Indicators of inflammatory response in chronic kidney disease and their dynamics on the background of pharmacological correction
Keywords:chronic kidney disease, glomerulonephritis, acute phase proteins, haptoglobin, ceruloplasmin, α-2-macroglobulin
In recent years the course processes of chronic glomerulonephritis viewed from a position of influence nonimmune factors. In the present research, in contrast to the existing, it is researched an intensity of acute phase response depending on the stage of chronic kidney disease and studied the dynamics of changes of inflammatory response against the background of different pharmacological regimens.
Methods. Using standard biochemical tests to study the intensity of inflammatory response in chronic kidney disease of serum are studied protein content of acute phase: ceruloplasmin, haptoglobin, α-2-macroglobulin. The study involved 100 people. 80 of these people have chronic kidney disease. At hypertension was prescribed medicine of inhibitor of angiotensin-converting enzyme in combination with calcium channel blockers on a background of basic therapy.

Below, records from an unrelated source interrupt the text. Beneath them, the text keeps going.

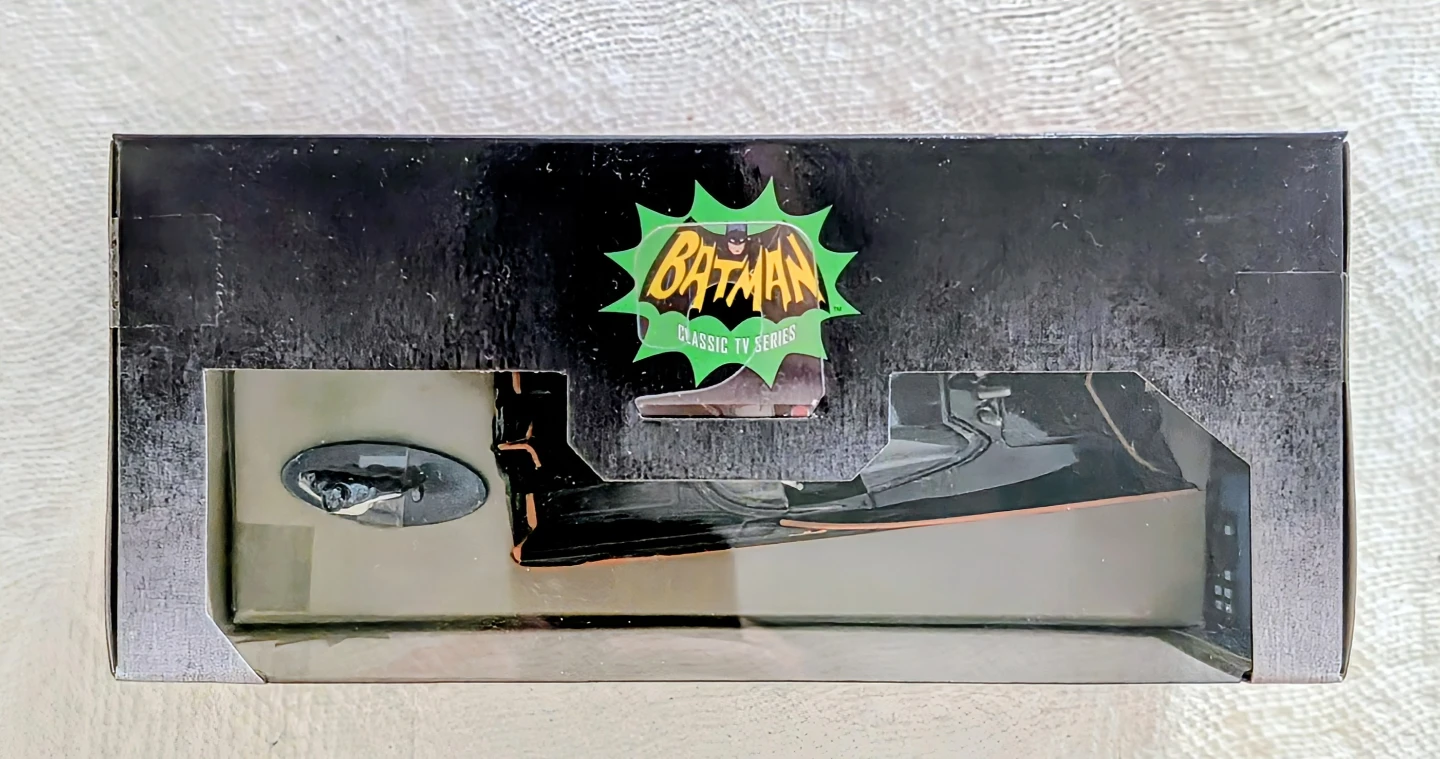 Jada Toys Batman Classic TV Series Batmobile & Batman Die-Cast - photo 2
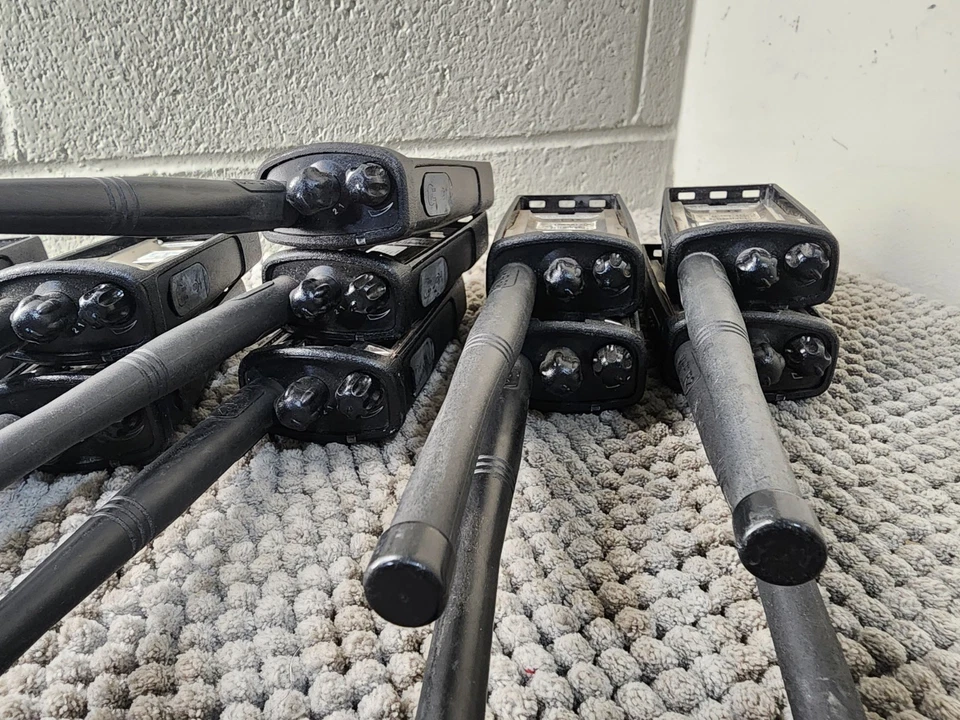 LOT OF 11 MOTOROLA CP110 H96KCC9AA2AA VHF 2CH 2W Two Way Radio No BAT No Charger - Image 4 of 4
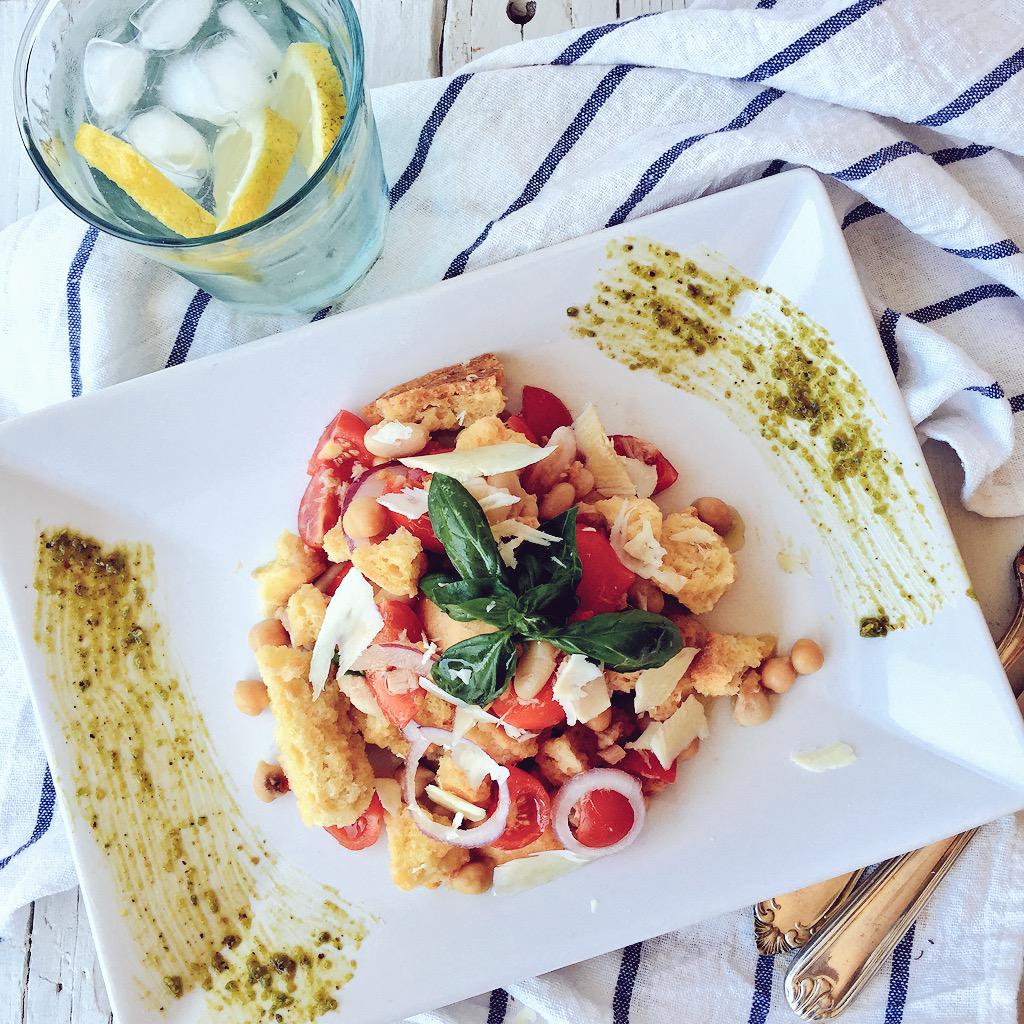 fattoincasapibu's tweet photo. Oggi per me acquasale cilentana @DietaCilento #blogtourcilento #igerscampania #fattoincasaepiubuono #buonappetito http://t.co/KwbWYWLyN5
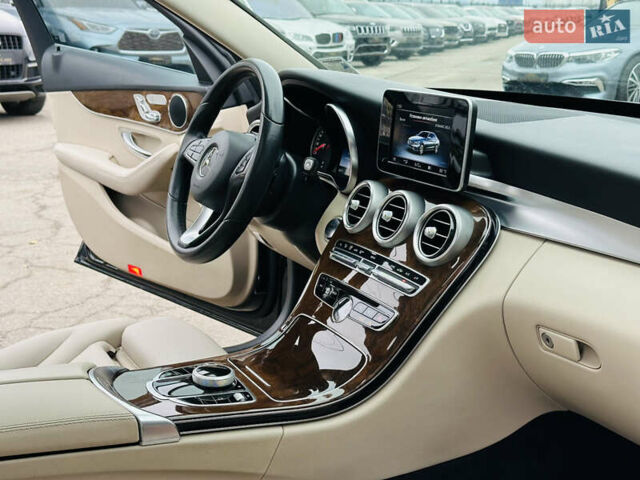 Чорний Мерседес Ц-Клас, об'ємом двигуна 2 л та пробігом 117 тис. км за 17500 $, фото 23 на Automoto.ua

Results. In all groups of patients before treatment it is recorded a high activity of serum of investigated proteins of acute phase, reflecting the presence of active inflammation. In the context of the treatment an inflammation activity is decreased, causing regression of the inflammatory response indicators. With the growth of the studied parameters in the 2 - 2, 5 times it is diagnosed a high degree of inflammatory response. This degree was determined in patients with chronic kidney disease of third stage. The lowest degree of inflammatory response was typical for patients with first stage of the disease, improving all parameters were within 1.3 times relative to control values.
Conclusions. The inflammation intensity in chronic kidney disease depends on the progression of renal dysfunction. To correct the intensity of inflammatory response is recommended to use the fixed combination of inhibitor of angiotensin-converting enzyme (fozinopril) and calcium channel blockers (diltiazem).